Several homes in my neighborhood have sold recently, each more expensive than the last. The priciest was a lovely home that drew $1.65 million at the peak of this spring’s market.
Takoma Park is a great place to live. It’s also the only jurisdiction in the region that has rent control.
As a result, one building here sold cheap: a 12-unit multifamily building at went under contract in late July for $1,280,000. That’s just $130 per square foot, less than a third as much as the dilapidated (although heroically marketed) house next door.
Outside the City of Takoma Park, inferior multifamily real estate commands higher prices.
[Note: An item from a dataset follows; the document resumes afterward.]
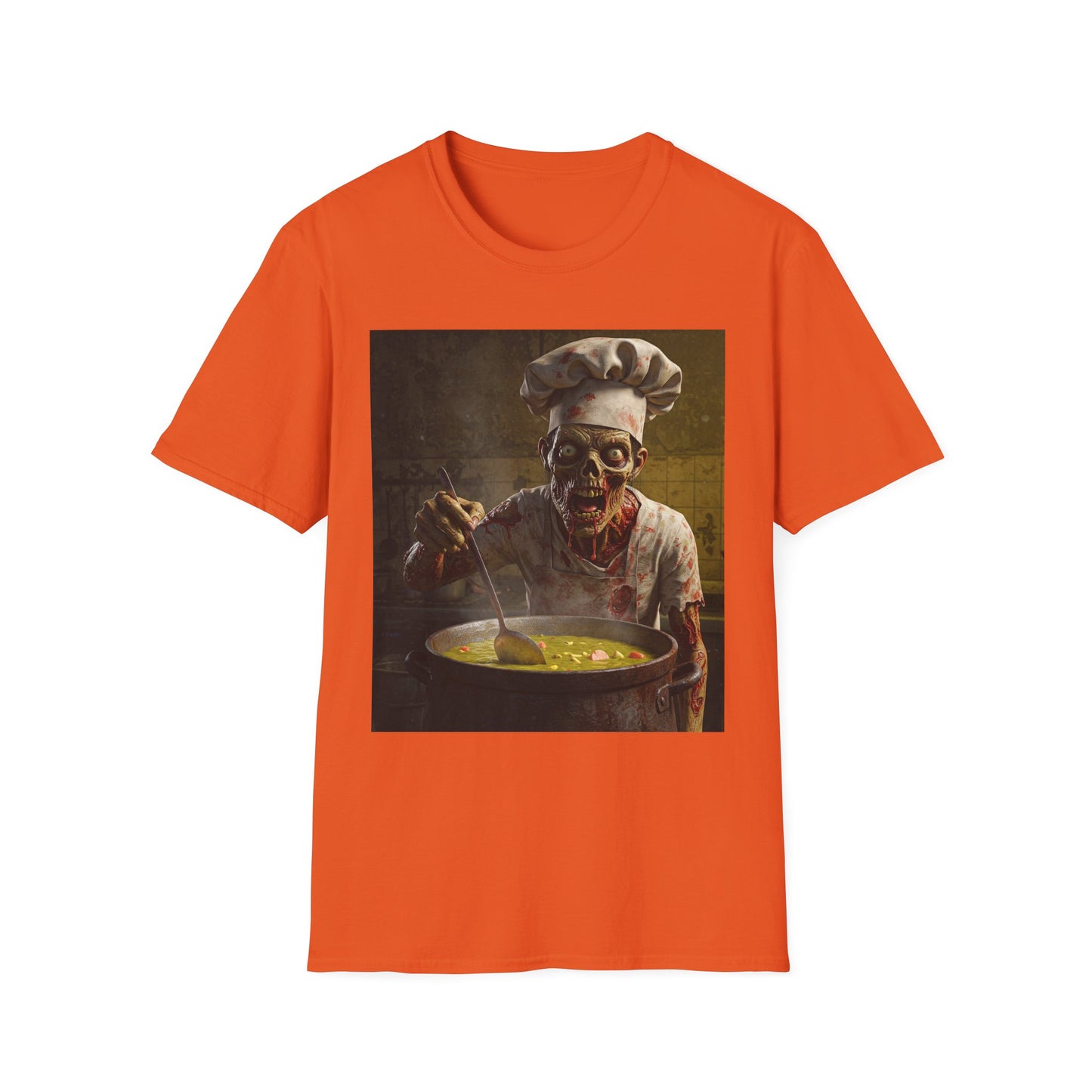 Zombie Chef Apocalyptic Portrait Tee, bold, decaying zombie graphic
On the unincorporated side of Flower Ave – where commutes are longer, perceived crime risk is higher, and students are assigned to less desirable schools – two small, unrenovated multifamily buildings sold this year for $258 and $191 per square foot, respectively.
Now, it’s of course possible that the cheap 12-unit building is so cheap due to major maintenance issues or higher taxes. But it’s no surprise to find that decades of strict rent control would massively depress multifamily building values.
The upshot is that there’s an investment opportunity here. For just $1.3 million, you can buy this 25,000 square foot lot, scrape it, split it into three lots, and build a McMansion on each. If the Big Macs cost half a million to build and sell for $1.25 million each – we’re being conservative here – you’re looking at a clean million dollars in profit.
As far as I know, no-one has done that with a Takoma Park rental building. But plenty have been converted to condos (“very cool, hip, and chic”, fellow kids). And no one has built new multifamily within the city limits since rent control was instituted in 1980. Rent control is how affluent people outbid their working class neighbors for valuable urban land.